The story is just to get students interested. Combinatorially, we could state the problem as follows:

Given p 0’s, q 1’s, and r 2’s, in how many ways can you line them up so that each 2 is surrounded by both a 0 and a 1?

It turns out that there is a lot going on in this problem. With three parameters, the analysis is far from straightforward.

There are a few restrictions on the parameters. For example, we need $p+q>r,$ or there are not enough Knights to flank the Rogues. We also need

$p,q\ge\left\lceil\dfrac r2\right\rceil,$

or else there wouldn’t be enough Brave Knights and Loyal Knights to flank the Rogues. For example, if p = 2, q = 1, and r = 3 (so that q just falls short of the above inequality), you can see the problem — the one 1 can flank at most two 2’s, and so there is one 2 without an adjacent 1. But if increase q to 2, we can have either the sequence 0212021 or 1202120.

Of course it is possible to consider specific examples, but it is also possible to consider infinite families of parameters — we’ll look at the case p = 2, q = n, and r = 2 to give you an idea of the reasoning involved.
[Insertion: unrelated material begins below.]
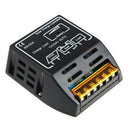 20A 12V / 24V Solar Panel Battery Regulator Solar Charge Controller Secure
Now when n = 1, there is only one possibility: 02120. But when n is larger than 1, we need to look at two separate cases: when the 2’s are separated by more than one 0/1, so that we are looking at two blocks of 021 or 120. When the 2’s are separated by exactly one 0/1, we only have the options 02120 or 12021. We need to count each case separately.

Let’s look at the first case. We have two blocks of either 021 or 120. This uses up the two 1’s but there are n – 2 1’s left over. So we have n things to arrange: two blocks, and n – 2 1’s. This may done in

$4\displaystyle{n \choose 2}$

ways, since we first choose the 2 places for the blocks, but then multiply by 4 since each block has two possibilities: 021 or 120.

In the second case, if the 2’s are only separated by one number, we may have a block of 02120 and n – 1 1’s to place, giving n possibilities. With a block of 12021, we have the block, one 0, and n – 2’s to place, which can be done in

$\displaystyle2{n\choose2}$

ways (since the order of the block and the one 0 matters). Adding these three cases together results in

$\displaystyle4{n\choose2}+n+2{n\choose2}=3n^2-2n$

possible lineups for the Knights and Rogues.

Interestingly, these are the octagonal numbers (A000567 in the OEIS). I have no idea why, though….

What I like about this problem is that parameterizing p, q, and r in different ways produces seemingly very different results. One interesting parameterization is p = q = r = n. It turns out that this sequence — at least the first several values, which I used the computer to generate and didn’t work out by hand — is also in the OEIS (A141147), and the description is the

number of linear arrangements of n blue, n red and n green items such that the first item is blue and there are no adjacent items of the same color (first and last elements considered as adjacent).

I find this particularly intriguing since in Knights and Rogues, 0’s and 1’s can be adjacent — but even though 2’s are not adjacent, it is not possible to have any block be 020 or 121, although these are counted in A141147. Finding a bijection between the two linear arrangements would be a very interesting problem.

I hope you enjoyed reading about Knights and Rogues! Again, this is another example of mathematics as it happens — I came up with this problem within the past few weeks, and I’ve just scratched the surface of this interesting puzzle. I hope it’s actually a new problem, but I won’t be surprised if I get a comment like, “Oh, I saw that problem in…..” Generating new, novel mathematics problems is not an easy task…..

And incidentally, the answer to the initial problem is 80,096. Did you get it?